Un Dernier pour la Route

Chapitre 10 : Chapitre 4 - Partie 1

2313 mots, Catégorie: T

Dernière mise à jour 10/01/2019 14:35

- Quoi ? Encore ? Toutes les six ?

Le cri de Twilight avait résonné dans tout le château, amplifié par les murs et les colonnes de cristal. Dans la cave, Spike haussa les épaules et se pencha pour attraper un autre éclat.

Quelques jours plus tôt, ils s’étaient résignés à reconstruire à la main le puzzle de verre du portail magique. Aucun des sorts testés par Twilight n’avait fonctionné, Spike et elle passaient donc plusieurs heures par jour dans le sous-sol du château, à remettre patiemment chaque fragment de verre à sa place. Le petit dragon soupira en embrassant du regard les centaines d’éclats étalés sur les tables. Ils avaient déjà pu remettre les plus gros en place, mais il ne pouvait que perdre courage face à l’océan de fragments qui restaient à placer. Maxime avait catégoriquement refusé de les aider. D’après lui, le portail lui avait déjà causé assez d’ennuis et qu’il n’était pas question qu’il y touche à nouveau. Twilight et Spike avaient vite compris qu’il était inutile d’essayer de lui faire changer d’avis.

Alors que le jeune reptile scrutait les morceaux de verre, la ponette mauve redescendit l’escalier d’un pas lourd.

- La Carte nous appelle à nouveau. Elle nous envoie à Jumanhattan, toutes les six !

Spike fit la moue. Ils avaient tous les deux entendu la Carte s’allumer, une minute plus tôt, en même temps que la marque de Twilight. L'excitation qui s'emparait de la ponette à chaque nouvelle mission était cette fois mêlée au déplaisir de se voir interrompre en plein tâche, au point qu'elle n'aurait su dire si cela la réjouissait ou la contrariait. Comme à chaque fois qu’elle était indécise, elle fit la seule chose qui lui permettait de continuer à réfléchir malgré tout : tourner en rond en se parlant à elle-même.

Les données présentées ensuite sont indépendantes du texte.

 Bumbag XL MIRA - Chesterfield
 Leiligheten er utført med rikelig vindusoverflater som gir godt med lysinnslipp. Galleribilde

- Ce n’est vraiment pas le bon moment. Nous devons finir de reconstituer le miroir, et qui sait combien de temps cette mission nous prendra ? Ça pourrait nous faire perdre des jours entiers !

- Tu n’as qu’à ne pas y aller, alors.

Twilight se téléporta aussitôt face à son assistant, museau contre museau.

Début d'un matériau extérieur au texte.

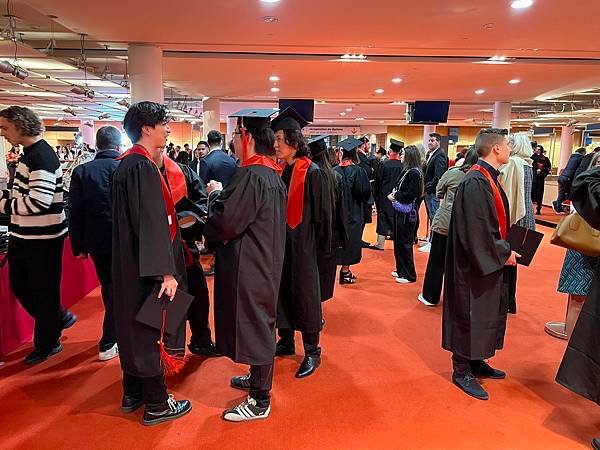 【emlyon event】恭喜法國里昂商學院的所有畢業生！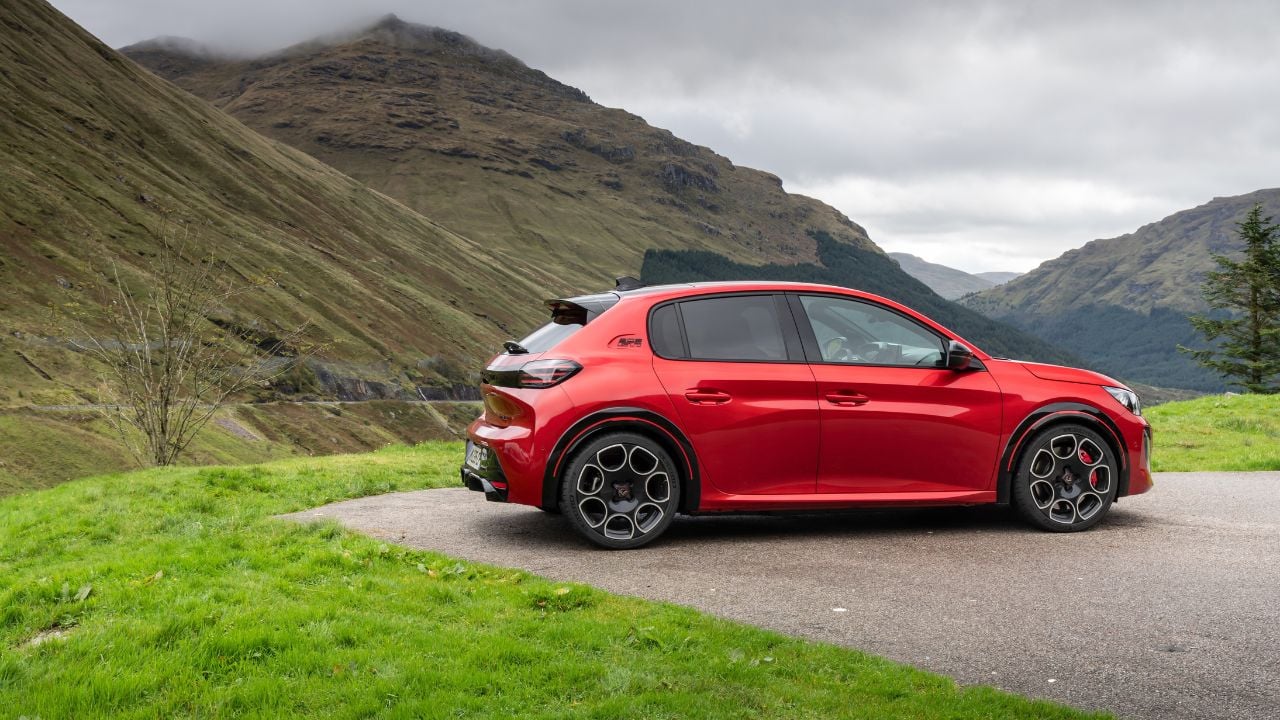 Peugeot-e-208-GTI-2026-essai-performances-prix-recharge-24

- Ne pas y aller ?! lâcha-t-elle, comme si le simple fait d’énoncer une telle idée était un crime. C’est la Carte de l’Arbre d’Harmonie, Spike ! Nous devons faire ce qu’elle nous demande !

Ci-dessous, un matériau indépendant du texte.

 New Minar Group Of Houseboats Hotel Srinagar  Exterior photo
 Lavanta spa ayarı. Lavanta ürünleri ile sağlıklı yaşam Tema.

- Mais… pourquoi ? Même si vous ne le faites pas, elle ne peut rien vous faire, non ?

- Elle fait appel aux Éléments que nous incarnons ! C’est notre devoir d’y répondre !

- Elle a déjà appelé Maxime, je te rappelle, et il n’incarne aucun Élément.

Twilight fronça les sourcils. Elle jeta un œil au miroir, puis aux centaines de fragments qui attendaient encore d’être placés. La glace n’était encore reconstruite qu’au tiers.

- Nous n’avons pas le choix, le miroir devra attendre. Les autres sont certainement déjà en route vers ici. Tu peux préparer mes affaires pendant que je vais à leur rencontre ?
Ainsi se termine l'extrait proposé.